I’m fascinated that neuroscientists have been able to measure the brain wave of concentration for over thirty years (although yogis have experienced it for thousands of years). So, for instance, when most of us are chatting on a Blackberry while checking our daily planner and eating a panini sandwich, the brain waves in our frontal lobes would probably look like sharp jags on an EEG, bouncing at a rapid 13-36 oscillations a second. These busy brain waves are called beta brain waves.
What happens when yogis harness their breath and meditate? Brain waves in the frontal lobes of many of them slow down by half or more to a cool 6-13 oscillations a second. Alpha brain waves they’re called, and they mirror a brain on concentration.
Woe to us who live in the world of Twitter and Blackberries, right?
Consider another study whose results have long held my envy. In this study, scientists dipped a subject’s fingers into a glass of cold water or made loud clacking noises to monitor any shifts in the frontal lobes’ brain wave patterns. They didn’t shift. Or if they did, not by much.
In other words, these yogis can concentrate even when the phone rings or the dish clings.
That capacity has eluded me. For years, I tried to shut out all external distractions. I moved to quieter regions of
The problem? The slightest sound – a dish clanging in the sink, a neighbor’s leaf blower – threw off my concentration, and I’d become an agitated nutjob. I remember my first wife saying, “I just wonder what kind of spiritual practice you have that makes you so irritable.” I’m sure any alphas I mustered quickly jagged to betas.
But for several years, I have worked with a more inclusive form of meditation. Whereas Patanjali’s Yoga-Sutras encourage practitioners to withdraw from their senses and to shut out external stimuli in order to concentrate, the Tantric Kashmir Shaivism – and the text the Siva-Sutras – encourage practitioners to include random external stimuli as part and parcel of their meditation. The leaf blower becomes part of my focus – or it becomes the background to whatever my imagination centers on that morning for my writing. It’s not unlike my practice with zazen, or Zen meditation.

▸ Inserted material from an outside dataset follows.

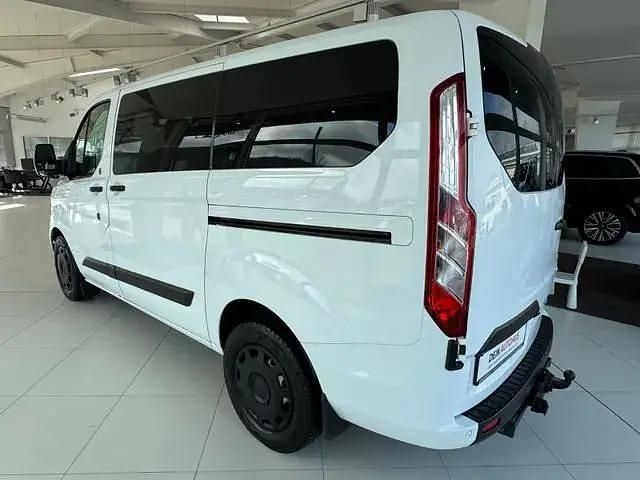 Usata Ford Transit 105 CV (77 kW) 2019 Bianco Station wagon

Dahlia, my five-month-old daughter, has become my glass of cold water. On most mornings, I now get her up early and let her mother sleep in. I hold her in my arms while I make a cup of tea and then bring her into my study and place her in her favorite “giraffe chair.” She watches as I light incense and situate myself on the mat. I then glide through a sequence I designed years ago – my writer’s concentration sequence. She gazes or crunches up her plastic baby “book” or gurgles or groans. I may be in a forward bend, my inner witness honing in on refining an idea for an essay or story, the contour of a character’s face just coming into the light of my imagination, and – then – Dahlia’s groans start amping up a notch or two.
I don’t ignore the babe or try to tune her out (woe to me if I did). I pop up, check on her, smile at her, say a few words of assurance, hand her a toy, and, once she seems satisfied, return to my forward bend – all without agitation. Who knows? The texture of her gurgle or the morning light across her pink cheek might find its way into a piece of writing some day.
Without agitation. That’s a key to this layer of creative concentration. I receive the sudden clack instead of blocking it. It’s an addition instead of an interruption.
I know that as Dahlia reaches the toddler stage, I’ll have a baby downward dog running barking beneath me on the mat, but Yoga As Muse for me is about discovering how to play with the world’s surprises and weave them right into my creative process.
As an old writer and a new papa, I’m trying to ride this (alpha) wave of concentration in a fresh way. Call it “newborn concentration.”